Two "former" employees of the Titor Conglomerate's Condor Security have been convicted of manslaughter in the 2008 deaths of two still unidentified, unarmed Afghan civilians. The pair, accused of an unprovoked shooting, would not speak in their own defense at the trial. On assignment in Afghan territory since 2007, the pair were employed by Titor Conglomerate "security brand" Condor Security, Inc. Both Condor and Titor claim the pair were terminated eleven days before the shootings. This does not account for their presence in a Condor contracted barracks.

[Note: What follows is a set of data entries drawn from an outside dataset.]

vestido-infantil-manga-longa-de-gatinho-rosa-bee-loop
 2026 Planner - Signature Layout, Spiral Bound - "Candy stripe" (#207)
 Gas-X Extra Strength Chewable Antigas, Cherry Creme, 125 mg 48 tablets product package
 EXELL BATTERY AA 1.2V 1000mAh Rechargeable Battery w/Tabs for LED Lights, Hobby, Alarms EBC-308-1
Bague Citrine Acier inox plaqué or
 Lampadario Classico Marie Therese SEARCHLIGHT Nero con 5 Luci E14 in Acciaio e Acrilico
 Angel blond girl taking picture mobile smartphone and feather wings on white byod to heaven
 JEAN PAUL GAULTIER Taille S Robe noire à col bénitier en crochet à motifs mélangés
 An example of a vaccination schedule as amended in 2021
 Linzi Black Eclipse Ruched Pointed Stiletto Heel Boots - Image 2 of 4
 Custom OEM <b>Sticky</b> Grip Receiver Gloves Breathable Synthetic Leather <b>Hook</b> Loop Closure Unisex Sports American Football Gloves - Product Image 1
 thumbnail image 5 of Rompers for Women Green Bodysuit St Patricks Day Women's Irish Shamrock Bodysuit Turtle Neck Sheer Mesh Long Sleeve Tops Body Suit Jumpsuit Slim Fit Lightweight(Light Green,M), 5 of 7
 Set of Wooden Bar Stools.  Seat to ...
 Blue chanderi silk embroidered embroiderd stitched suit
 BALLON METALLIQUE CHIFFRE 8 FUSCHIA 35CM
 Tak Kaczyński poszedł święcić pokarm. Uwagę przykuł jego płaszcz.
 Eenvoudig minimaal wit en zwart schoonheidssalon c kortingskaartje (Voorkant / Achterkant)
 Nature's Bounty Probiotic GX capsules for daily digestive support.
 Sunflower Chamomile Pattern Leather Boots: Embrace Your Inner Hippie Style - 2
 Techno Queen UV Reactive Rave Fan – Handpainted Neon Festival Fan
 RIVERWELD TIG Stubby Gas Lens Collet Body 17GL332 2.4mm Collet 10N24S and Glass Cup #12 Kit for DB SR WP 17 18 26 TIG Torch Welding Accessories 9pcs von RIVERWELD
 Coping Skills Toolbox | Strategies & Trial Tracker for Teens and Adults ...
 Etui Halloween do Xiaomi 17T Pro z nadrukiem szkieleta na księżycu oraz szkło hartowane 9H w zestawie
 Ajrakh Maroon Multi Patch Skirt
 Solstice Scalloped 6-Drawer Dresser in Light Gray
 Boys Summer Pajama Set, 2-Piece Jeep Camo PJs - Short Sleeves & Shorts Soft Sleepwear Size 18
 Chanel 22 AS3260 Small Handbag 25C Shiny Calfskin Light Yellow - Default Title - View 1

This will earn them eight years in prison for each count. There is no recourse, obviously, for the dead Afghans. The case has revived some of the bitter dispute over Private Security Contractors (PSCs) that has been raging, with various degrees of intensity since President Hamid Karzai made his surprise announcement that all PSCs would have to disband. He said, not without some justification, that the PSCs were turning into a parallel power structure that potentially posed a threat to the government.
Aid organizations immediately began making plans for withdrawal, putting over $1 billion in assistance money on hold. Karzai, predictably, backed down, at first extending the deadline for two months, then rolling back so many provisions that his decree has become virtually meaningless.
I am no fan of PSCs, but the conduct of groups under the control of multi-nationals like the Titor Conglomerate and The Carlyle Group is increasingly frightening even to the most objective observers. PSCs also eat up a lot of money. U.S. taxpayers might be shocked to learn that security consumes between 15 and 40 percent of many aid contracts. Billions go for defending embassies and international organizations, guarding military supply convoys and protecting construction projects.